**Exercise requirements**.
Could you copy, word for word, only the lines from the one containing "9 Riverside Avenue" through the last line of the records below, both included?

**Data**.
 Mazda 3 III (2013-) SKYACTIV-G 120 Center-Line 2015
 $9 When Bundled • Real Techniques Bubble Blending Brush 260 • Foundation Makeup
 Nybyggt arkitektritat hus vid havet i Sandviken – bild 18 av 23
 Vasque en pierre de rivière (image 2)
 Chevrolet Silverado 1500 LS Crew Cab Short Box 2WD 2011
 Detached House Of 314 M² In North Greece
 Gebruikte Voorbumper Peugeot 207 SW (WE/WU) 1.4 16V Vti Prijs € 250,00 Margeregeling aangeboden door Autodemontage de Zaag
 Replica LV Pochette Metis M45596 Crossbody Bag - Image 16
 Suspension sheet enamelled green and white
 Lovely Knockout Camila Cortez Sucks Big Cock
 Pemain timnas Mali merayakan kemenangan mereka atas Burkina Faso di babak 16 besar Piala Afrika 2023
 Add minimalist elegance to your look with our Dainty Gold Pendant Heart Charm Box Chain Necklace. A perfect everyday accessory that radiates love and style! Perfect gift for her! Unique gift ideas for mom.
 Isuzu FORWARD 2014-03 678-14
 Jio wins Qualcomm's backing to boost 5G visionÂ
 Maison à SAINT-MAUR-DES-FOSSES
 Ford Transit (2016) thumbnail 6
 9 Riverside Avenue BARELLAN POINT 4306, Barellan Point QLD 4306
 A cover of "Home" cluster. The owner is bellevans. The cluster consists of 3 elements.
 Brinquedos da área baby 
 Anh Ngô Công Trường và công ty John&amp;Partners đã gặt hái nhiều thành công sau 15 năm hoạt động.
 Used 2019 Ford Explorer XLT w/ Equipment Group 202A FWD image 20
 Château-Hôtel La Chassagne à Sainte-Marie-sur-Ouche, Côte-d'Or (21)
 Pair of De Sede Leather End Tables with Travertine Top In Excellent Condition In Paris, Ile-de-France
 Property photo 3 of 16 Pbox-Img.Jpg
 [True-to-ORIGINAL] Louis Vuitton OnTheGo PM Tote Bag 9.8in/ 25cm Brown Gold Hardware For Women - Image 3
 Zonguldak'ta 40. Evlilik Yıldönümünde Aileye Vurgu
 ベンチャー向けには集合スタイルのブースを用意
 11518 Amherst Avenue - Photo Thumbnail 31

**Result**.
 9 Riverside Avenue BARELLAN POINT 4306, Barellan Point QLD 4306
 A cover of "Home" cluster. The owner is bellevans. The cluster consists of 3 elements.
 Brinquedos da área baby 
 Anh Ngô Công Trường và công ty John&amp;Partners đã gặt hái nhiều thành công sau 15 năm hoạt động.
 Used 2019 Ford Explorer XLT w/ Equipment Group 202A FWD image 20
 Château-Hôtel La Chassagne à Sainte-Marie-sur-Ouche, Côte-d'Or (21)
 Pair of De Sede Leather End Tables with Travertine Top In Excellent Condition In Paris, Ile-de-France
 Property photo 3 of 16 Pbox-Img.Jpg
 [True-to-ORIGINAL] Louis Vuitton OnTheGo PM Tote Bag 9.8in/ 25cm Brown Gold Hardware For Women - Image 3
 Zonguldak'ta 40. Evlilik Yıldönümünde Aileye Vurgu
 ベンチャー向けには集合スタイルのブースを用意
 11518 Amherst Avenue - Photo Thumbnail 31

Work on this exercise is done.